* _Requirement_
Once the line with "Notched Long Sleeve T-Shirt - MimiStylez" is found, write it out along with each later line exactly, through the end of the entries, skipping every picture.

*** Opening Task input ***

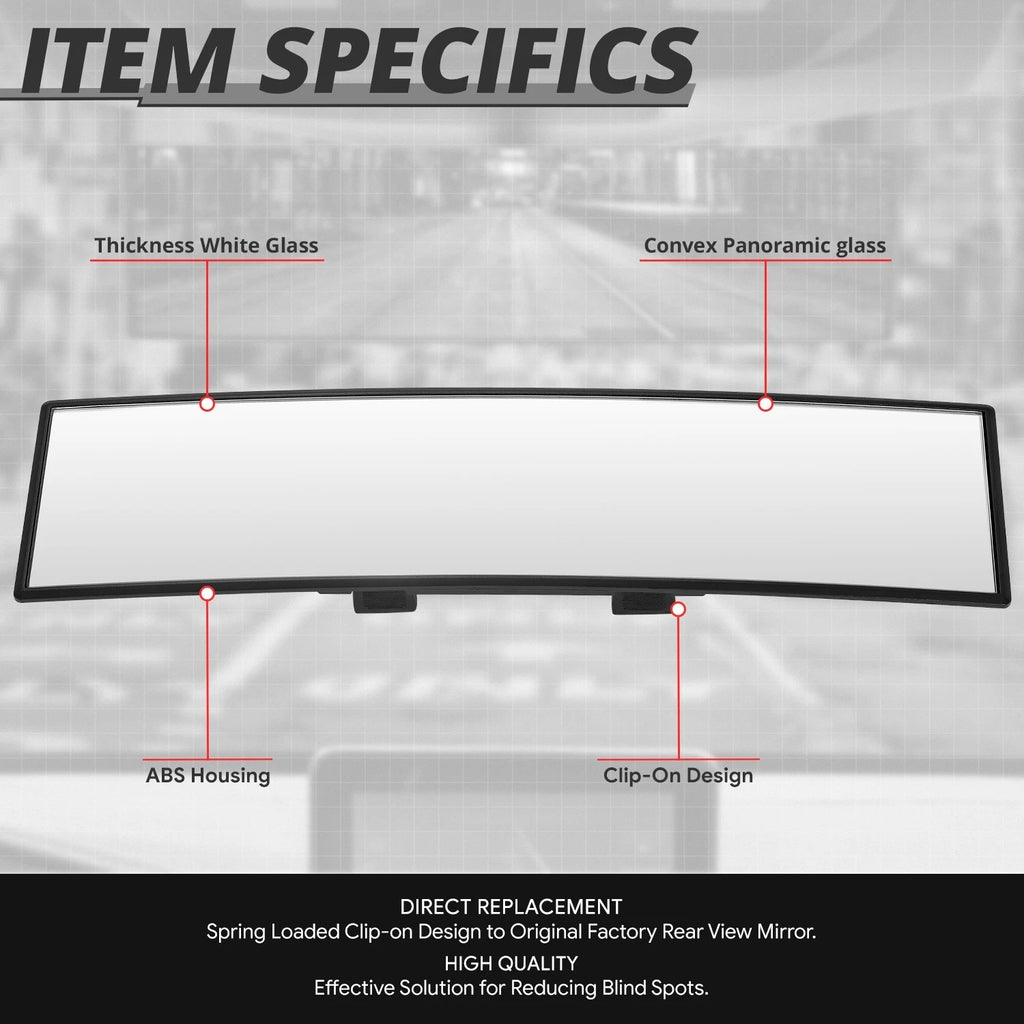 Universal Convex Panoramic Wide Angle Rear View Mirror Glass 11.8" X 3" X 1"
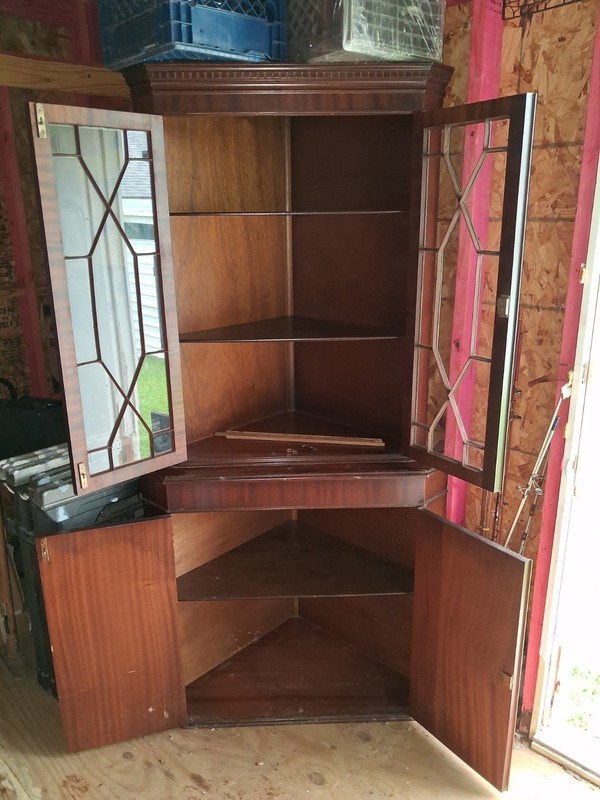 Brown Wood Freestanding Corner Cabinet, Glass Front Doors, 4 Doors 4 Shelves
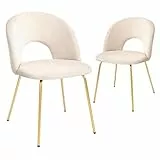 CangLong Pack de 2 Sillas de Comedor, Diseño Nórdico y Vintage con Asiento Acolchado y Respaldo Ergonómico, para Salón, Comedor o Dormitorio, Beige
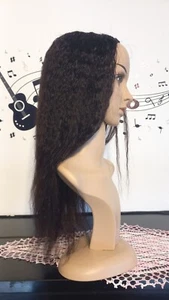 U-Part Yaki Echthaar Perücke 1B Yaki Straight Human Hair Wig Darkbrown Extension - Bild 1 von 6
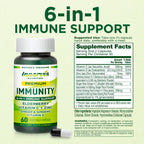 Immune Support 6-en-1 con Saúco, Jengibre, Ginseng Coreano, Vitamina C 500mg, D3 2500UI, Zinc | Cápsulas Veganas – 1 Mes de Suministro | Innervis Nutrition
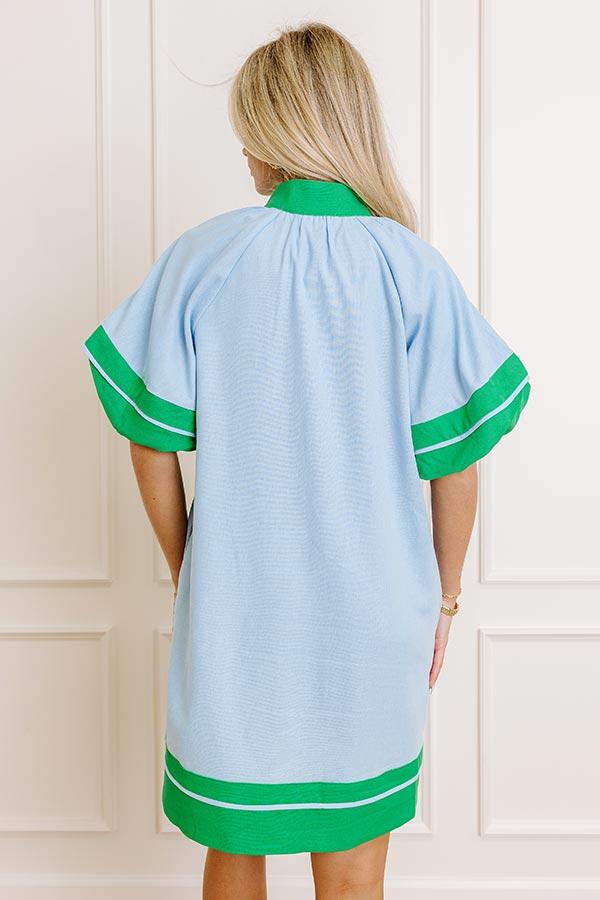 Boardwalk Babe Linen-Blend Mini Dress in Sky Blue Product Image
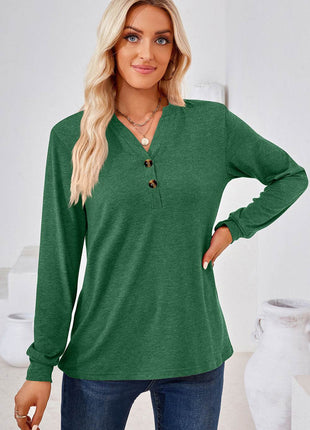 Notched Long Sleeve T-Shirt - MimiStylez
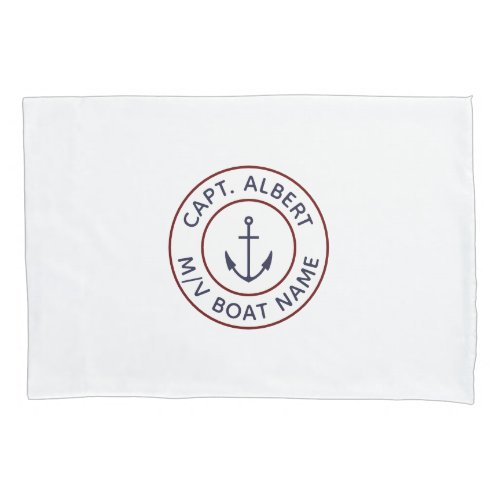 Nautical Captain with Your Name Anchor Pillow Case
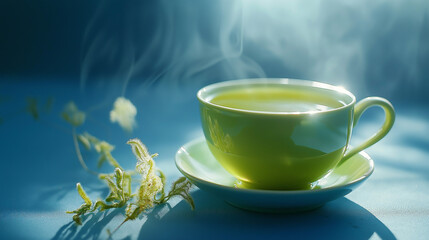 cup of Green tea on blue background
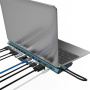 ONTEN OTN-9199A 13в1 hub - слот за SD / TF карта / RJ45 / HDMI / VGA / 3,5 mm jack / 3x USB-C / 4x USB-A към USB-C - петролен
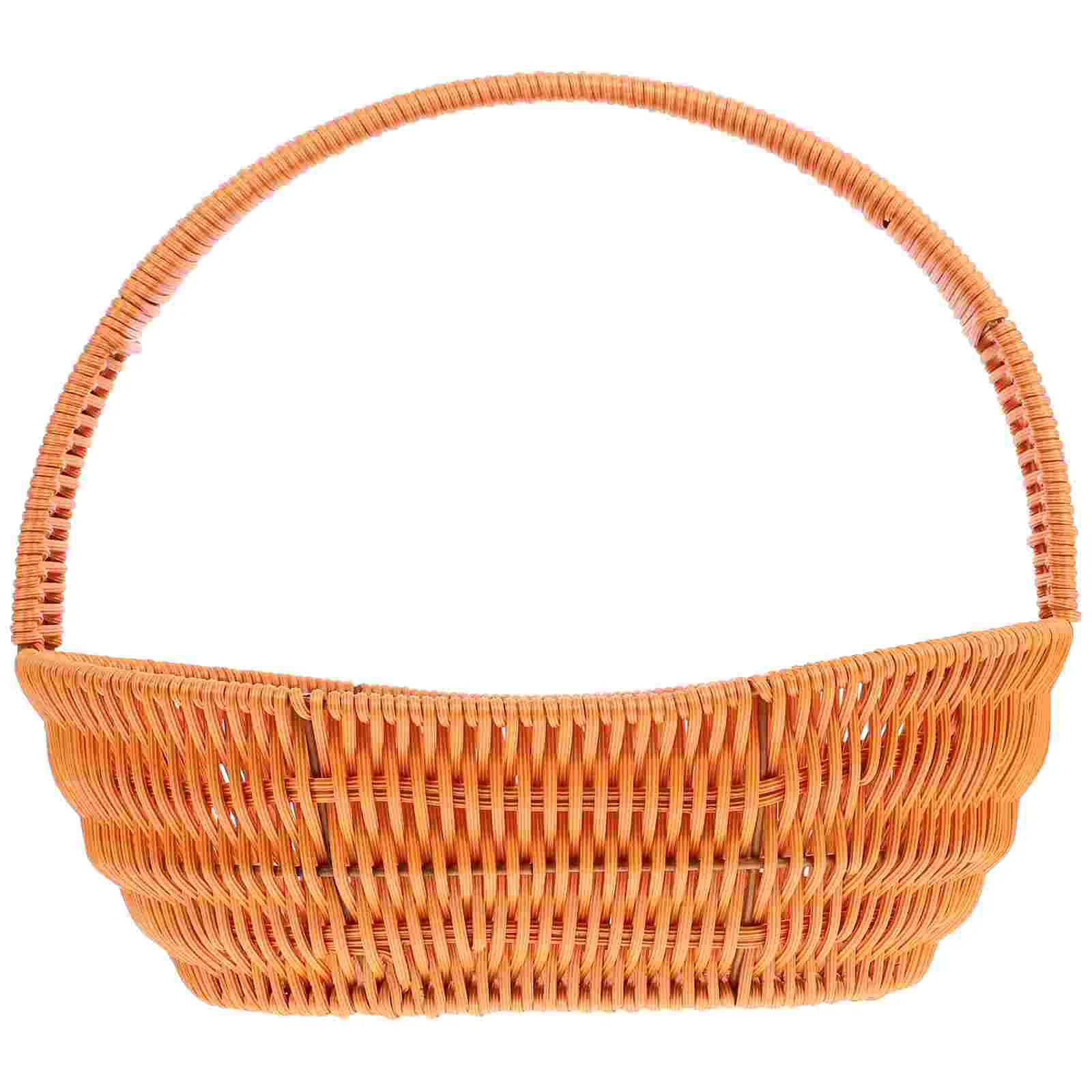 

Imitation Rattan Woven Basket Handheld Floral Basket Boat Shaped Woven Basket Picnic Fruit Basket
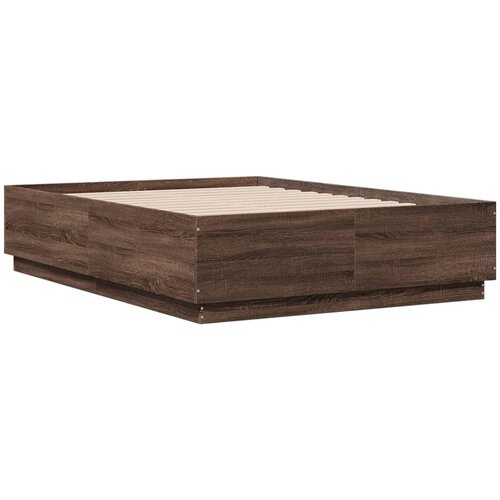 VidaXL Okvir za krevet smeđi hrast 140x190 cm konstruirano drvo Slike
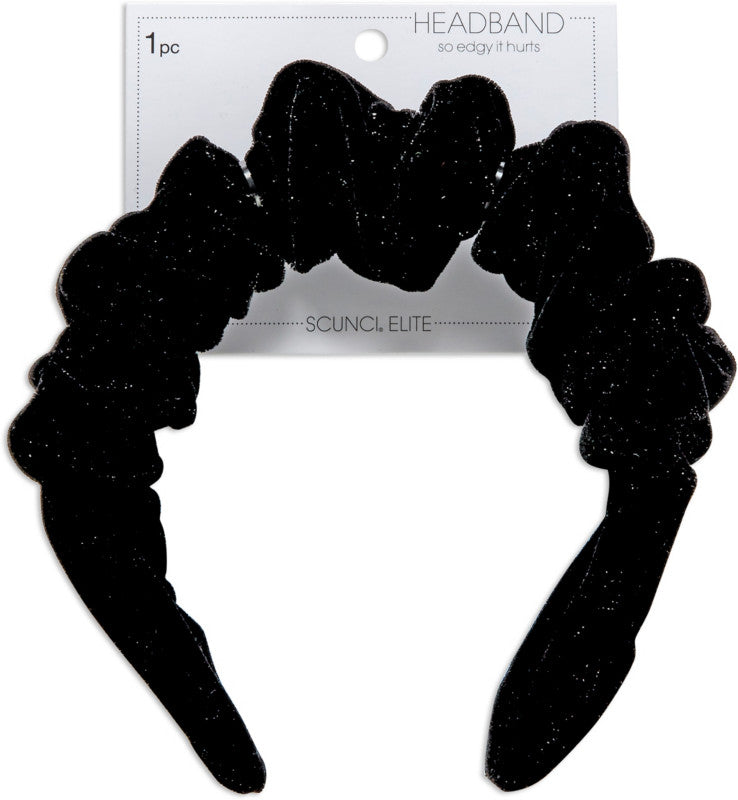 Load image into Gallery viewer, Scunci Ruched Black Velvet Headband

*** Closing Task input ***

* _Your response_
 Notched Long Sleeve T-Shirt - MimiStylez
 Nautical Captain with Your Name Anchor Pillow Case
 cup of Green tea on blue background
 ONTEN OTN-9199A 13в1 hub - слот за SD / TF карта / RJ45 / HDMI / VGA / 3,5 mm jack / 3x USB-C / 4x USB-A към USB-C - петролен

Imitation Rattan Woven Basket Handheld Floral Basket Boat Shaped Woven Basket Picnic Fruit Basket
 VidaXL Okvir za krevet smeđi hrast 140x190 cm konstruirano drvo Slike
 Load image into Gallery viewer, Scunci Ruched Black Velvet Headband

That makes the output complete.